Or so it seemed this morning.
The Psalter reading from Common Prayer included Psalm 39.
Speaking of the measure of my days:
they are but a span,
- 5 1/2 - 9 inches compared to Eternity!
At my age I'm well aware at the shortness of ones life regardless of the number of years piled up. But the psalmist goes on to speak of it all as vapor, i.e. rising morning mists. And of the treasures we cling to and pile up as vanity, vain shadows "heaped up riches and we cannot tell who will gather them."
Is that all, isn't that rebuke enough? No. I am also frail, transitory.
Bernard of Clairvaux then pointed out that "the soul's vision is caked over by our focus" of our earth toys, our treasures, seeing as we will the gifts and not the Giver.
These thoughts combined paint a grim and unattractive picture of my failed vision and my foolish clingings.
Back to the Psalm we go. From my caked over vision, my pile of toys and treasures that unknown others will enjoy, the disappearing vapor that is life, a proper focus is offered.

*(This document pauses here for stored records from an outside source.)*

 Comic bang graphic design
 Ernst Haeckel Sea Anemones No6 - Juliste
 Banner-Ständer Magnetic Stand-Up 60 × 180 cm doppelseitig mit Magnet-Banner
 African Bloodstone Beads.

"And now Lord, what is my hope?
Truly my hope is even in Thee."
After the tears, the prayer and heart's cry, the writer gives this reminder:
"for I am Your passing guest,
a temporary resident,
as all my fathers were."
Nevertheless, over all is hope, hope that clears , uncluttering, uncaking the eyes of the soul.
Lord this day,
give me clear eyes,
Your eyes to see the measure of my life and its focus,
"looking away from all that distracts to Jesus,
the Author and Finisher of [my] faith."